Exercise details: Nothing outside the range is to be copied. From the entries below, reproduce exactly the lines starting at the one with "Ferienwohnung Wagner Zweibrücken" and ending at the one with "Нов портфейл G", without pictures.

Data extracts:
[Start of Attachment]

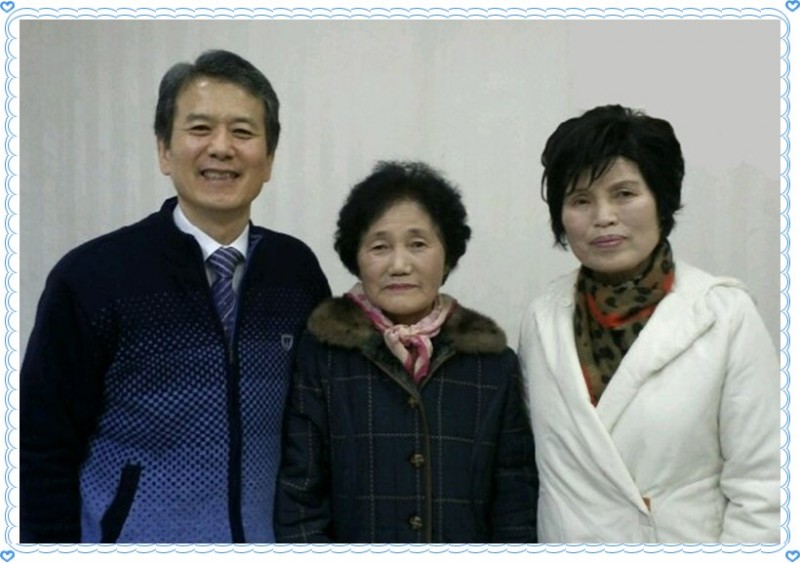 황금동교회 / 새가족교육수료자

[End of Attachment]
[Start of Attachment]

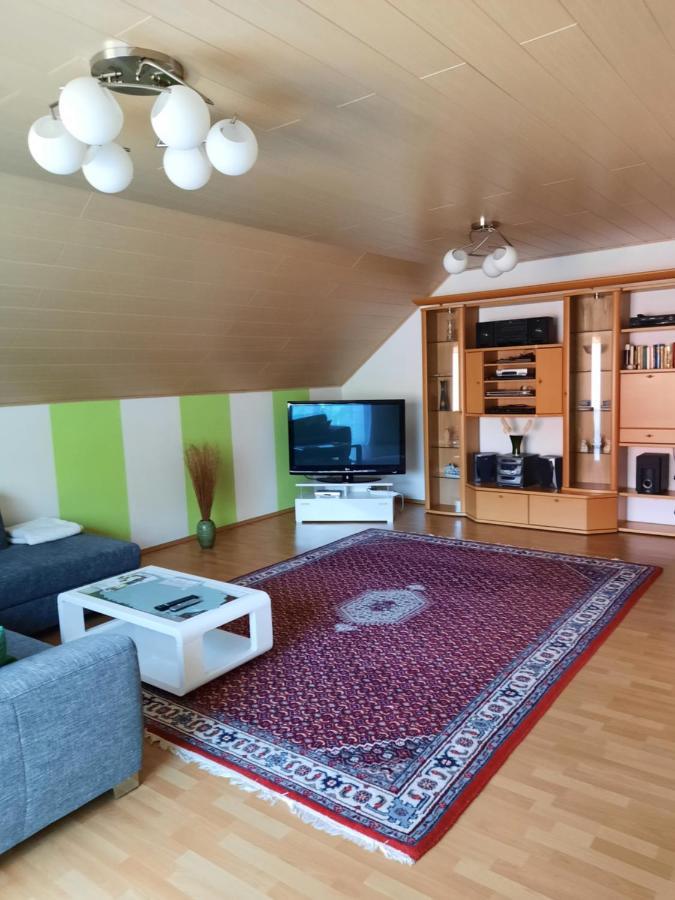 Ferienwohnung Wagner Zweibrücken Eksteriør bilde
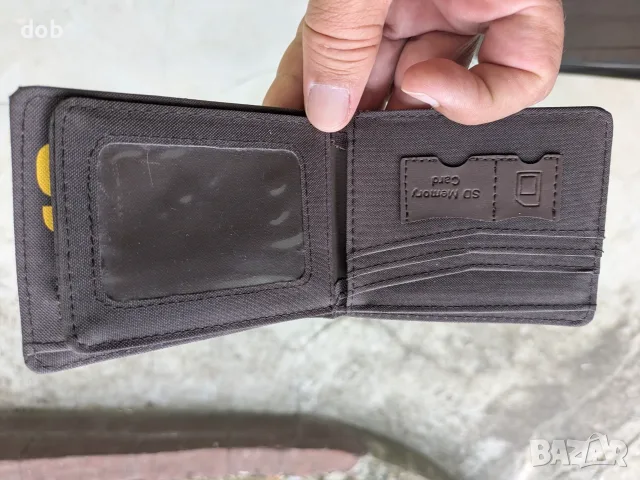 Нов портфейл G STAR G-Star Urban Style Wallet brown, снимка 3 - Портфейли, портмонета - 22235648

[End of Attachment]

Answer box:
 Ferienwohnung Wagner Zweibrücken Eksteriør bilde
 Нов портфейл G STAR G-Star Urban Style Wallet brown, снимка 3 - Портфейли, портмонета - 22235648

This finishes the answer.